▸ **Work to be completed**
Write down nothing except how many lines in the entries contain "bathroom".

▸ **Data shown**
◆ ◆ ◆

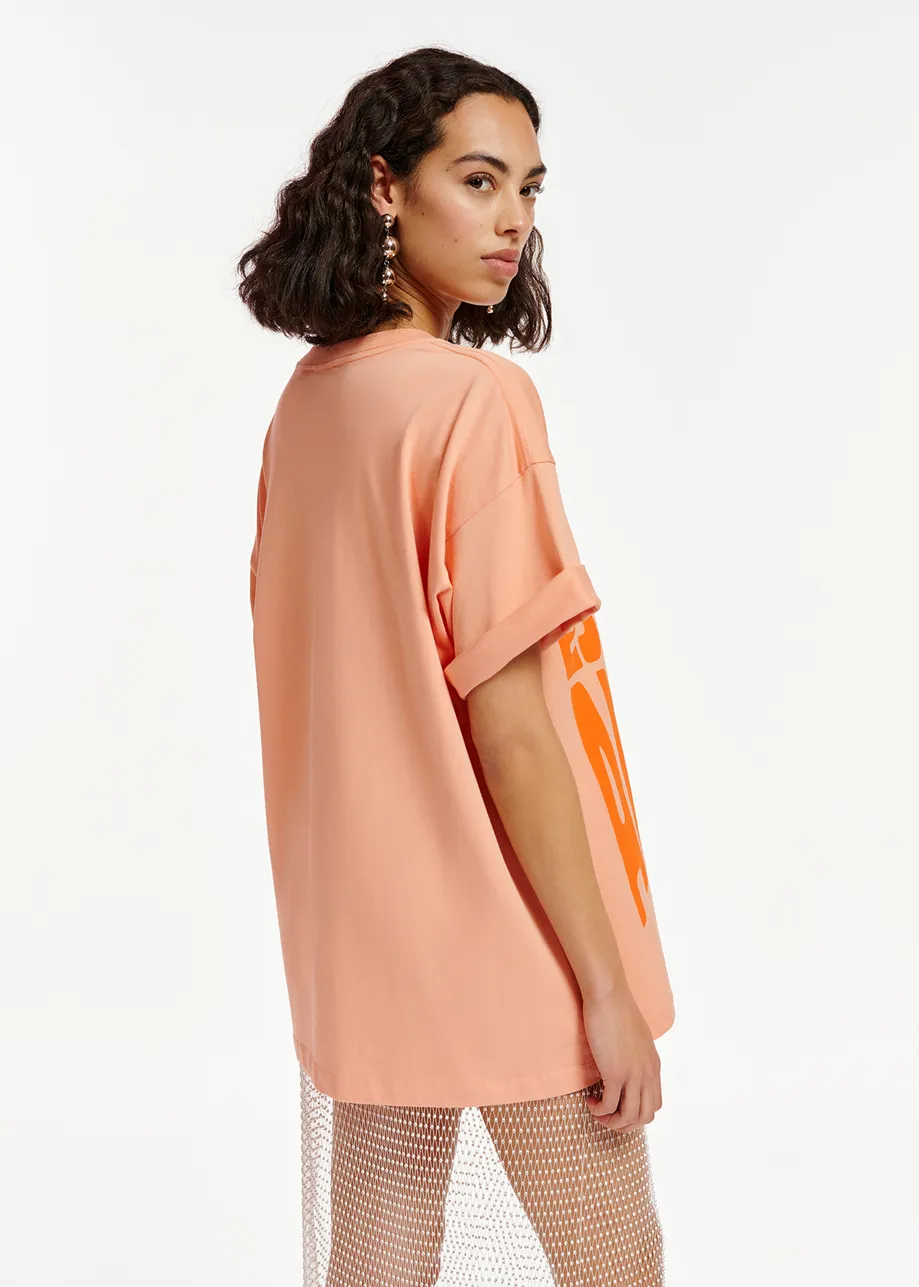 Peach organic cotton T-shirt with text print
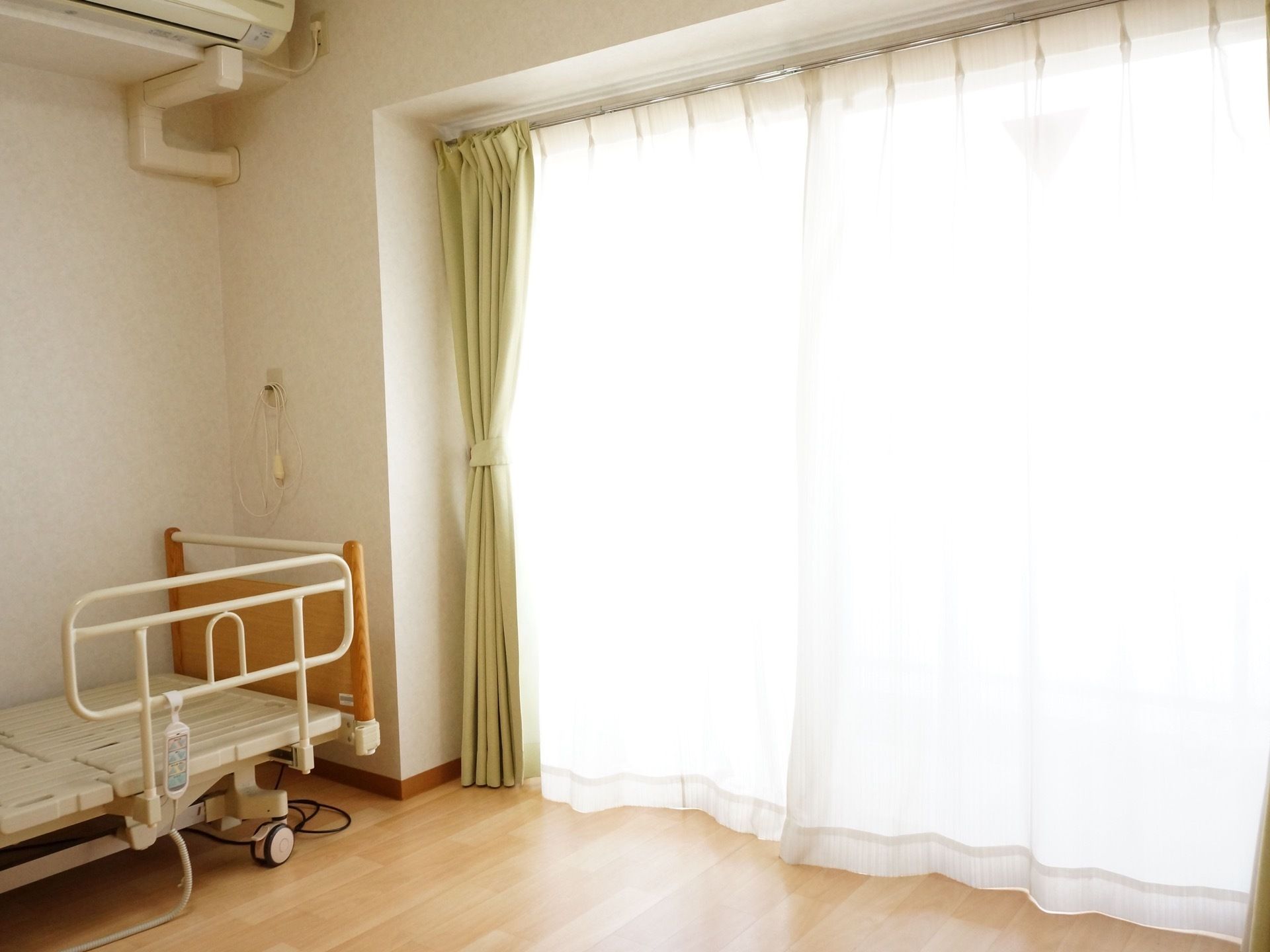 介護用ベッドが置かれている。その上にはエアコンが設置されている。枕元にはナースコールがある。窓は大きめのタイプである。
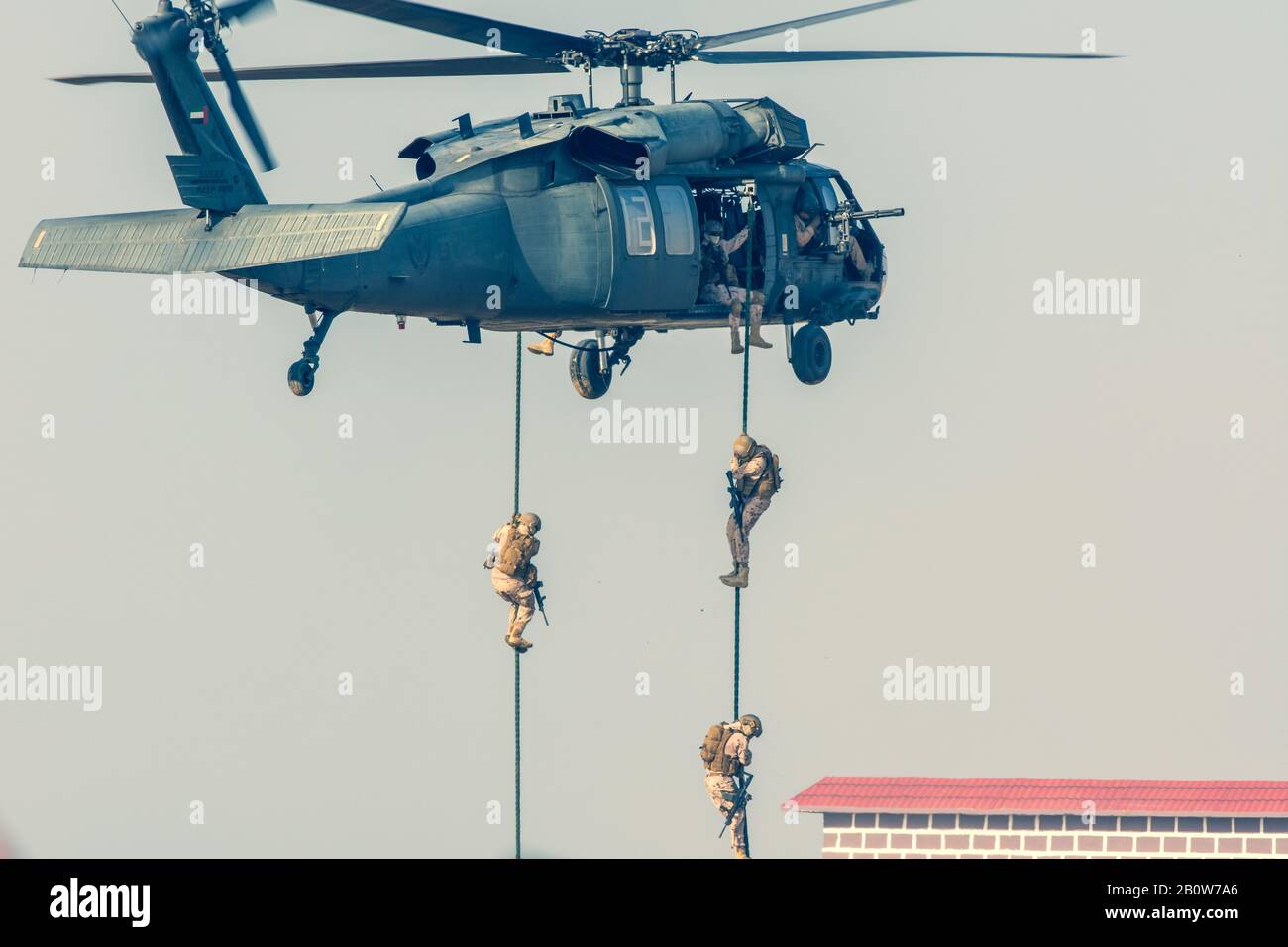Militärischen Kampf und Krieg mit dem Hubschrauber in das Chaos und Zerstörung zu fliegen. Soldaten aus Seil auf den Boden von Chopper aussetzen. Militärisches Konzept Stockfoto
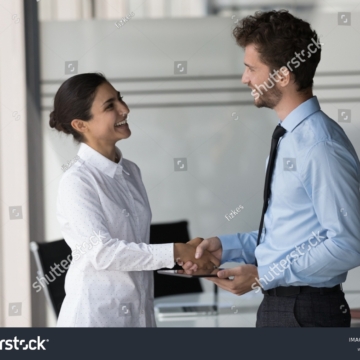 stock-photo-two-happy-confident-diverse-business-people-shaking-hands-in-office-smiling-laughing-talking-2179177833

◆ ◆ ◆

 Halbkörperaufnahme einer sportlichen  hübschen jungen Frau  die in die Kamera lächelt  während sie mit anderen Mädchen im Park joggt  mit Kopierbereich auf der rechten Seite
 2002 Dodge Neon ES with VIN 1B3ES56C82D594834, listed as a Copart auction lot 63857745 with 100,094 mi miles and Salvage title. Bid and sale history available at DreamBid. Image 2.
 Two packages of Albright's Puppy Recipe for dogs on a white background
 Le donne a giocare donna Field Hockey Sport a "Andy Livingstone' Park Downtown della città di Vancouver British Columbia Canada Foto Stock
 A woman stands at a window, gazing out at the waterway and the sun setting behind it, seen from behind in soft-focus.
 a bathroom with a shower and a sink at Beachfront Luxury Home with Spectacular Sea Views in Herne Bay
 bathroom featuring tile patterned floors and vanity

◆ ◆ ◆

▸ **Result of the exercise**
2